Books have been the subject of interesting and important discourses for philosophers for very long time. Impatient time of us can ignore but can't argue that "A room without a book is a body without a soul" (
Marcus  Tullius Cicero). In the same line of thought some of us, the old believers feel the irresistible urge to champion the idea of paradise which is nothing but a enormous library aka systematic/ scattered organization of unimaginable number of books. 

I believe the idea of infinite library always existed in human imagination but in words it was first expressed by Kurd Lasswitz in his story The Universal Library. And this idea has drawn certain amount of literary and scholarly attention till recent years. The debates have been around the possibility of such a library and so on where the impossibility is stated thoroughly by the mathematical enthusiasts (where they took the dimension reference from Borges's The Library of Babel). But in recent years prominent philosopher like William van Orman Quine argued about the possibility in his essay
In this current piece I am not seeking an seclude to the special tribes of librarians in the intricate loops of hexagonal library system thought by the Argentinean mastermind of words rather I am seeking a route to another short but great work by him much after the library foundation. 
(ii)                
        "I carry them, men and women—I carry them 
         with me wherever I go, "-- Walt Whitman 
This route starts from the great Indian city of 'Bombay' and by an unknown phase of time it reaches Bikaner in North India. Then by some means through a Scottish Bible trader it reaches in the hand of the narrator of the story who is a retired librarian and possess great passion for books. In praise of the of the book the handler says “Look at it well. You will never see it again.” and continues to “If  space is infinite, we were anywhere, at any point in space. If  time is infinite, we are at any point in time.”

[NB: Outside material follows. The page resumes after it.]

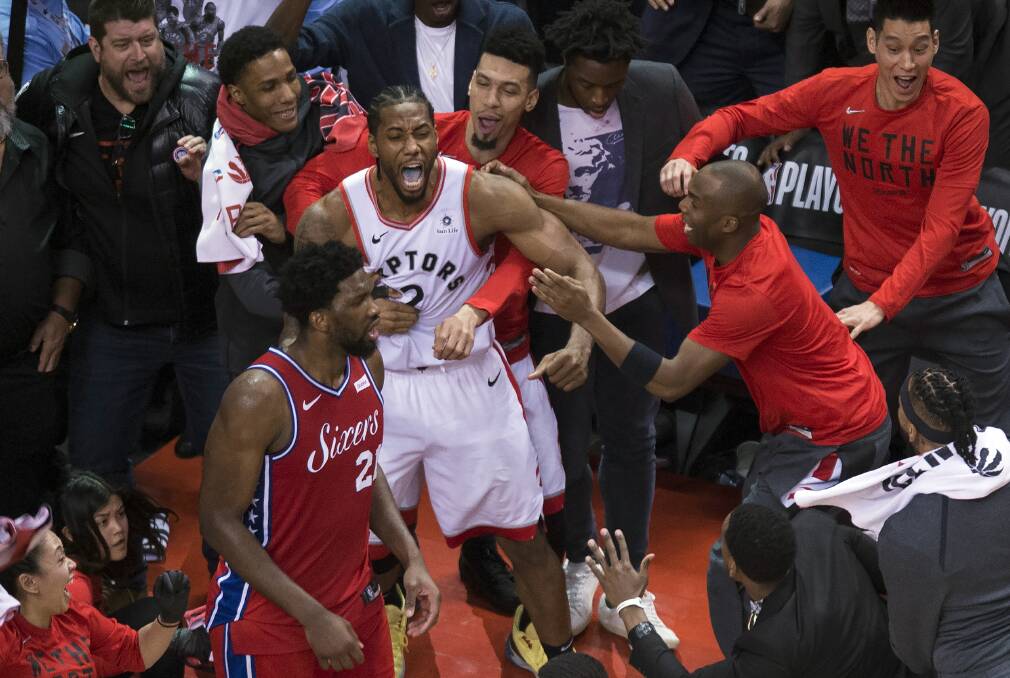Toronto Raptors forward Kawhi Leonard, centre, reacts with teammates after making the game-winning shot. Picture: AP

Yes, readers I am talking about El Libro de Arena brilliantly translated in English by Andrew Hurley as  The Book of Sand in the Penguin published short story collection of Borges with the same name as the story. 
As the name suggests in the span over slightly over sixteen hundred words Borges writes about a magical concept of an infinite book. The torn yellowed colored papers are written in unknown Hindu scriptures and marked with Arabic numbers. The book magically does not have a start or an end so the narrator can't reach to the same page or context after closing the book/flipping a certain page ever. Even when he tries to reach the first page at his awe he discovers some pages between his fingers as if they just grew up in a germination kind of process. The narrator trades this book from the unknown Scot by giving him a rare copy of Bible from his collection and his pension of a month. And gradually the book takes the control of his life. As a child of destiny he engages his conscious and even sub-conscious to solve the impossible riddle. He does not disclose this possession to anyone and becomes so concerned about the security of it that he stops leaving his place. With time passes by he realizes the abstractness of living with this book and leaves it in some unknown corner of the library where he used to work before (from where possibly some (un)-fortunate reader will discover it some day).
Reading Borges is always like living a conscious dream and its no different in this. I particularly loved the detailed description of the book, it's texture contents and meticulous description of author's co-living with the little infinite piece of infinity. This story does not echo the huge mechanism of infinite library but it's a more silent journey to the concept of complete library looking beyond the fragile human life by the ocean of time.